We often hear of people being in the right place at the right time. When we talk about those ‘right place, right time’, moments we’re generally thinking of something good happening for someone just because they were where they needed to be to take advantage of a particular situation or opportunity. It’s as if circumstances came together to bring about something good.

Those moments are generally viewed in the light of their benefit to us. They’re about something good happening for us and those close to us.

But what about being in the right place at the right time to do someone else good?

While it’s human nature to be looking out for circumstances that might work in our favour, I wonder if we actively seek the opportunity to bring a benefit to others. Do we seek opportunity to benefit people we don’t even know?

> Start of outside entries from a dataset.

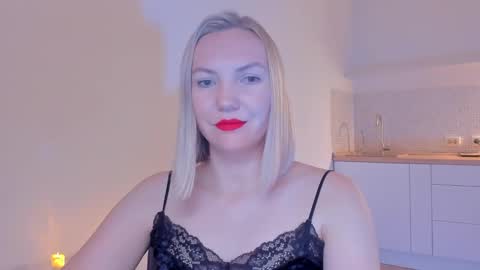 rock__baby online show from 01-05-25, 08:00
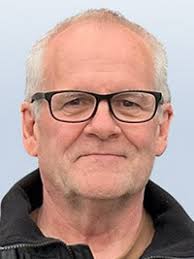 Contact Clanfield Locksmith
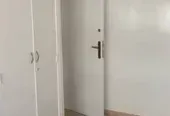 Appartement a louer quartier kebibat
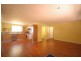Newtown QLD 4350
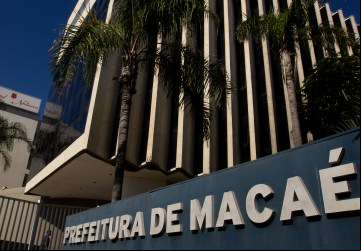 A iniciativa, por meio do decreto 134/2025, busca valorizar o servidor como agente essencial à prestação dos serviços públicos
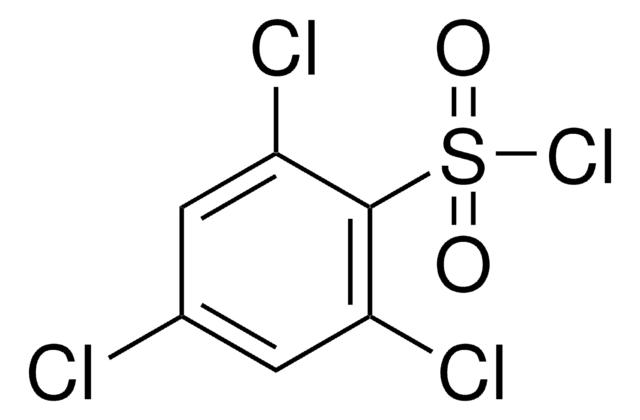 2,4,6-三氯苯磺酰氯,51527-73-2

People of faith tend to talk about how God has blessed them. There’s an understanding that good things come from God’s hands but aren’t we meant to be God’s hands to others? Do we pay any attention to the opportunities God sends our way to do good to other people?

If we truly believe that God has provided for us in some way do we really believe that it’s only for our benefit?

The following passage from Ephesians talks about the incredible way that God not only brought good out of bad but actually turned death into life. It points out that it’s all from God rather than from our own efforts.

And you were dead in the trespasses and sins in which you once walked, following the course of this world, following the prince of the power of the air, the spirit that is now at work in the sons of disobedience among whom we all once lived in the passions of our flesh, carrying out the desires of the body and the mind, and were by nature children of wrath, like the rest of mankind.

But God, being rich in mercy, because of the great love with which he loved us, even when we were dead in our trespasses, made us alive together with Christ—by grace you have been saved and raised us up with him and seated us with him in the heavenly places in Christ Jesus, so that in the coming ages he might show the immeasurable riches of his grace in kindness toward us in Christ Jesus.

For by grace you have been saved through faith. And this is not your own doing; it is the gift of God, not a result of works, so that no one may boast.

For we are his workmanship, created in Christ Jesus for good works, which God prepared beforehand, that we should walk in them. – Ephesians 2:1-10

The first thing that jumps out to me is that we’re already in the right place at the right time to receive this incredible gift from God that flows to us because of his great mercy and love for us.

But there’s more.

We have been created in Christ Jesus for ‘good works’. We’ve been put together by the master craftsman to do good and the good works we’re meant to be doing have already been prepared for us to do. Our task is to ‘walk in them’.

The last verse talks about us being crafted and created for a purpose. We are God’s workmanship, created in Christ Jesus for a purpose. That purpose is ‘good works’. The good works don’t save us, the previous verse makes that very clear, but our ‘right place, right time, moment should lead us to create more right place, right time moments for others.

It seems to me that if we’re meant to be ‘walking in good works’ that have already been ‘prepared beforehand for us’, we should pay some attention to opportunities to do just that. The good news is that the path has already been set before us so we need to be in tune with God as we actively seek to be in the right place at the right time to bring about something good for our family, for our friends, for strangers.

I wonder how different our lives would look if instead of only praying for God to bless us and to give us the things we want in life, we prayed for God to bless others through us. Maybe we need to ask God daily to show us the good works he has prepared beforehand for us to do on this day and for him to give us all we need to walk in those good works.